Although AlCrN coating is commonly used as a protective coating for tools exposed to cyclic dynamic loading, there are only a few comprehensive studies addressing this type of loading [34]. Some studies only partially address impact loading, e.g., comparing cratering after a certain number of impacts [33], the effect of temperature [17], or the effect of substrate nitriding [32]. The aim of the present study is to analyse the lifetime of two sets of AlCrN coatings with different microstructures and mechanical properties under cyclic dynamic loading, as described in [14]. The impact lifetime is complemented by a study of the scratch adhesion of AlCrN coatings. The data obtained from the scratch test and the dynamic impact test are discussed in relation to the chemical composition of the coatings, their microstructure, and mechanical properties.

2. Experimental Procedure

2.1. Sample Preparation

The AlCrN coatings were prepared using an industrial PVD sputtering unit Pi411 (PLATIT AG, Selzach, Switzerland), equipped with technology SCIL^® (Sputter Coatings Induced by Lateral glow discharge LGD^®). This new generation of IPVD systems was introduced by PLATIT AG [35]. The sputtering unit consists of three lateral arc cathodes and one central magnetron sputtering cathode, which is used for the coating deposition. The secondary discharge (LGD) is concurrently ignited between two lateral arc cathodes One of them is supplied by a special source of positive voltage (LGD^®) to act as an anode electrode. The second one is connected to the negative terminal and acted as a typical arc cathode. Using this technology, it is possible to control the ion density in the sputtering plasma and subsequently, using the LGD current between two arc cathodes, to tune the ion-deposition flux ratio. Increasing the LGD current made it possible to enhance the current between the arc cathodes and thus increase the ionization efficiency and ion flux from the sputtering cathode. The material evaporated from the arc cathodes was driven towards the door during deposition to prevent deposition on the substrates [14].

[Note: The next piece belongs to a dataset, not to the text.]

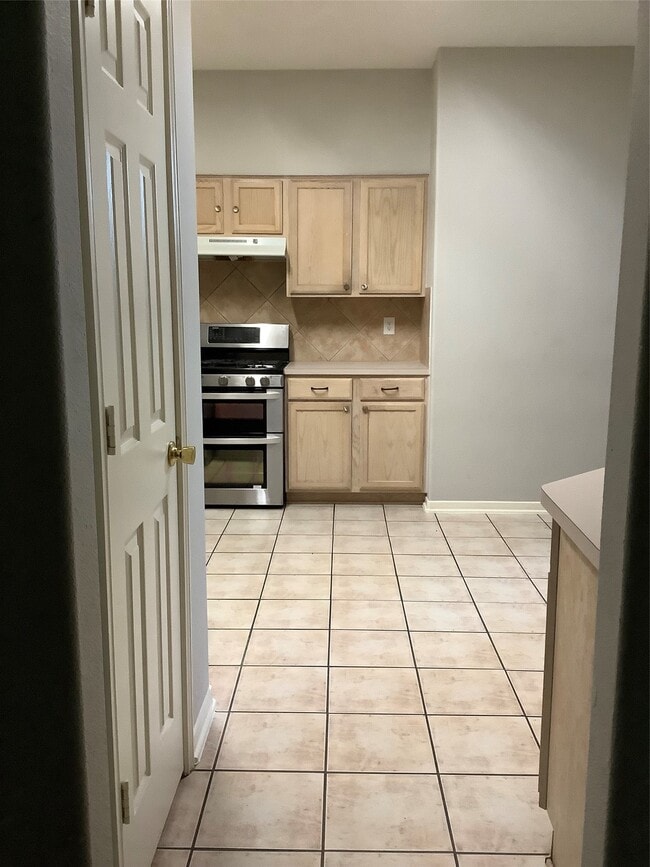 Photo - 18215 Major Glen Cir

A triangular cemented tungsten carbide (WC-Co) and cylindrical high-speed steel (HSS) were used as a substrate. The chamber was preheated to 450 °C to get base pressure in the order of 10⁻⁴ Pa. All the coated samples were ion-etched before the deposition process. Then, the samples were prepared by sputtering the central rotating cylindrical magnetron cathode equipped with the Al₇₀Cr₃₀ target in an argon/nitrogen mixture. The argon partial pressure was set to 0.5 Pa. The nitrogen to total working pressure ratios in percentages ([p_N2/p_T] × 100) for the M-coatings and C-coatings were 11% and 35%, respectively. The coating deposition time was constant for both series at 95 min. The deposition process, deposition parameters tuning, and sputter unit are described in detail in [14].

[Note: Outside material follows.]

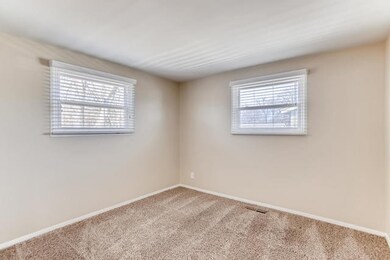 457 Tulsa Ave, Carpentersville, IL 60110 - photo 3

The chemical composition of the samples was evaluated using TESCAN MIRA 3 scanning electron microscope with an EDS detector. The microstructure of the samples was investigated using X-ray diffraction radiation source CuKα (λ = 1541 Å); diffractometer Rigaku SmartLab was set to the grazing angle of incidence XRD (GIXRD) setup. The mechanical properties, universal plastic hardness (H_Upl) and effective Young’s modulus (E_eff), were determined from the loading and unloading curves measured using a nano-hardness tester (Fisher Picoindentor HM500), with a Vickers diamond indenter at loads of 20, 30, and 50 mN. The maximum indentation depth was below 10% of the film thickness. For more information, the reader can refer to the previous article [14].

2.2. Scratch Test

The adhesion of the AlCrN coatings to the WC-Co substrate was analysed using a scratch test. The scratch test was realized by Revetest Xpress from CSM instruments (Peseux, Switzerland). The tester was equipped with a Rockwell diamond indenter. Every sample was applied progressive scratches from loading in the range from 1 N up to 100 N. Values L_C1, L_C2, and L_C3 according to the standard ASTM C1624-05 [36] were evaluated using an optical microscope. The value L_C1 denotes the load related to the first cracking, the value L_C2 is the load related to the beginning of periodic failure points through the track, and the value L_C3 is the load where complete failure and delamination of the coating starts. The scratch paths were studied and depicted using a laser confocal microscope KEYENCE VK-X 1100 (Osaka, Japan).

2.3. Dynamic Impact Test

Dynamic impact tests were performed on a tester developed at ISI CAS, Brno, Czech Republic. The electromagnetically driven dynamic impact tester worked with a repeating frequency of 8 Hz. The cemented tungsten carbide ball with a 5 mm diameter and surface roughness <14 nm (according to ISO 3290-1; precision grade 5) was used as an impact ball. Before every test, the impact ball was set to the unworn side. For each test, a constant lift of the impact ball was set. Every test was repeated three times to eliminate errors caused by random material defects.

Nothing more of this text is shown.